News

SEC Decides not to Seek Rehearing on Proxy Access, Allows Rule 14a-8 Changes to Become Effective

News Brief
September 7, 2011

By Cydney Posner

Last evening, the SEC issued a press release that it does not intend to seek either Supreme Court review or a rehearing of the decision by the U.S. Court of Appeals in Washington, D.C. vacating the proxy access rule, Rule 14a-11, which would have required companies to include in company proxy materials director nominations by shareholders.  (See my articles of 8/25/10, 9/30/10, 10/4/10, 4/8/11, 7/22/11 and 8/25/11 and the CooleyAlerts of 7/19/10 and 9/16/10.)

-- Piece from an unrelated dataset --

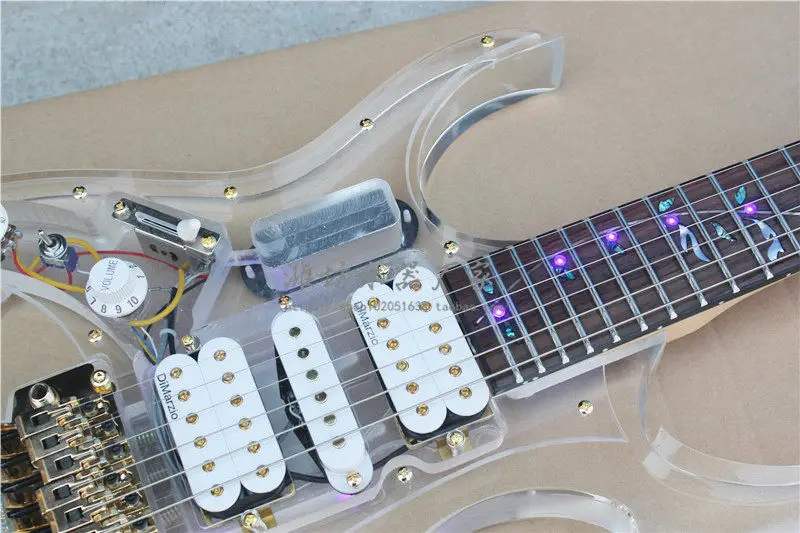 Left Hand Electric Guitar Organic Glass Acrylic Transparent Body Fingerboard with Blue Lights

However, the SEC did lift the stay on changes to Rule 14a-8, which will allow shareholder proposals for proxy access to go forward (by narrowing the election exclusion in that rule), in effect permitting each company and its shareholders to make the decision on proxy access -- and the applicable standards for proxy access -- on an individual basis (so-called "private ordering"). You might recall that, although the amendments to Rule 14a-8 were not challenged in the litigation, the SEC voluntarily stayed the effective date of those amendments so that this issue could be resolved all at once when the court's decision became final. As a result, it is expected that Rule 14a-8 will become effective on September 13.

The debate over proxy access has been a contentious one, with proponents of proxy access emphasizing the need for accountability of boards, the importance of fair representation, implementation of shareholder rights under state law, the potential for improvements in director qualifications and board independence and other corporate governance benefits. On the other side, opponents raised concerns that shareholder-nominated directors could impede the proper functioning of companies and the collegiality of boards, cause inefficiencies, politicize board elections, represent only narrow single interests, make decisions that may not reflect the long-term interests of all shareholders or deter qualified directors who may be less than enthusiastic about facing an election contest.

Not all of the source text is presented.